We are in Ajijic, Jalisco, beside Lake Chapala south of Guadalajara. It is the weekend of celebration for Día de Independencia. On Saturday, Ajijic opens the festivities with their festival of globos.
Globos, as you may know, are un-personed hot air balloons made of tissue paper held together by tape and heated by flaming fuel. Small ones are marketed here in Mexico, three foot tall balloons which are glorious in their beauty and fragility. Even these take the cooperation of three or four people to launch, as all hands must pull aside the tissue during the lighting process to allow the balloons to fill with hot air without catching fire.
Now imagine teams of people cooperating on designing, hand-crafting and launching tissue paper balloons that are ten feet tall, fifteen feet tall, twenty feet tall. Welcome to Ajijic.
A huge crowd always attends. In mid-September, the weather is often an issue. A tissue issue. The teams need some breeze in order to motivate the balloons to float away. Wind is a different story. Wind tips and tilts the lightweight paper balloons as they rise, presenting the constant danger of the tissue contacting the flame that keeps them aloft. Rain is yet another possibility, and not a happy one. Raindrops make holes in tissue paper, allowing the hot air to escape. Even if the water doesn't tear the tissue, it weighs it down. Both those eventualities cause the tissue walls to sag dangerously, sometime fatally, toward the flames.
This particular September, with a hurricane off the coast, the weather in Ajijic is erratic. It is overcast on Saturday morning. Then it is drizzling. The drizzle stops for a while. Then, as the three o'clock start time approaches, it begins to rain.
What will they do? Cancel the event? That is so not the Mexican way. But how can they launch in this weather? We have to go see.
The rain has not discouraged the crowd. The bleachers are nearly full when we arrive. Down on the field, some of the teams are obviously missing. Others are sending up their smaller balloons. The crowd is highly supportive, cheering at every successful launch...
...and groaning in sympathy at the less-successful.

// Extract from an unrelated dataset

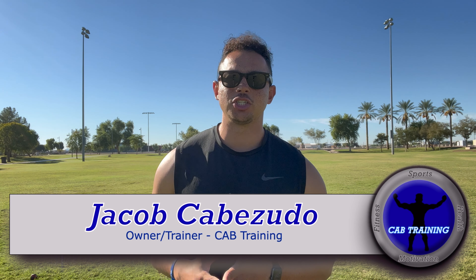What's going on, everybody? I'm Coach Jacob Cabezuto with Cab Training, and in this video I'm going to show you guys four wide receiver drills to improve your route running and improve your explosiveness out of your breaks. If you guys want to become better football players or better athletes in general, hit that subscribe button because that's what all my videos are about, and let's get better today.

People stand around under umbrellas watching and encouraging the teams. Children scamper everywhere, checking out the vendors and their wares.
By and by, the rain lets up a bit and more teams arrive, carrying their balloons wrapped in tarps, watching the sky.
Some beauties rise perfectly and float off into the white sky. Every launch is suspenseful.
Oh no! The crowd moans in unison as many of the balloons collapse and fall in flames.
But this art is like ice sculpture, like the building of sand castles, like Tibetan and Navajo sand paintings. Everyone, including the artists, know it is temporary. The globos teams accept the risks, the non-permanence of the works. No sooner does one destruct than they are unfolding another.
As the afternoon progresses, the teams up the ante, sending up elaborate creations they've worked on into the wee hours, long after their normal days' work is done. This year's designs surpass any I've seen in their intricacy and elegance. Close up, it appears that many of the patterns are made with small tissue paper shapes glued together into larger pieces that are joined by the ubiquitous cinta: tape.
Up, up, up!
And down, down, down.
What goes up, as they say, must come down. The globos that fail land anywhere they please, including on the nearby streets of the town.
As their fuel burns out, the successes land who-knows-where, as they often will fly for miles before they drift back to earth.
Many do fly, although fewer this year than in sunnier years. The teams do not give up.
Maybe an umbrella will help. This man stands patiently on his ladder the whole time while this globo inflates, hoping to protect the paper from the rain.
He stays on his ladder to view the launch. And here's the part I love the most: as it rises, their giant pink and orange balloon tips sideways in a gust of wind, the flame licks the tissue, it ignites and falls burning to the ground...and look at the expression on his face as he watches it happen.
This, to me, is the greatest joy of the globos. The celebration is one of art and chance and risk and beauty, of disappointment followed by renewed intention. I have laughed 'til my muscles ache watching this wonderfully absurd dance, and the humor to me is earthy, real and raw and so very much an expression of the human condition.
Shit happens. But do we give up? NO, we do not!
Do we throw in the towel at the fiery demise of Spongebob Squarepants?
Heck no! Instead we launch Hello Kitty, who floats off prettily, pink bow unscathed, to land, perhaps, in the back yard of some wonderstruck child.
In my book, though, here's the one that takes today's prize.
Finally the immense balloon is inflated and begins to rise into the sky.
But maybe it's not quite full enough. It wobbles in the wind. The crowd sees smoke and yells in alarm. And it drops.
In moments, it is cinders.
Meanwhile, on the ground under this formerly friendly shade tree, several families are enjoying picnics while watching the action.
The ashes of the smouldering globo rain down upon them. Do they scream in terror? Do they curse the team who launched the firestorm? Do they sue??
And there you have it: the agony and the ecstasy of this entirely and perfectly Mexican celebration.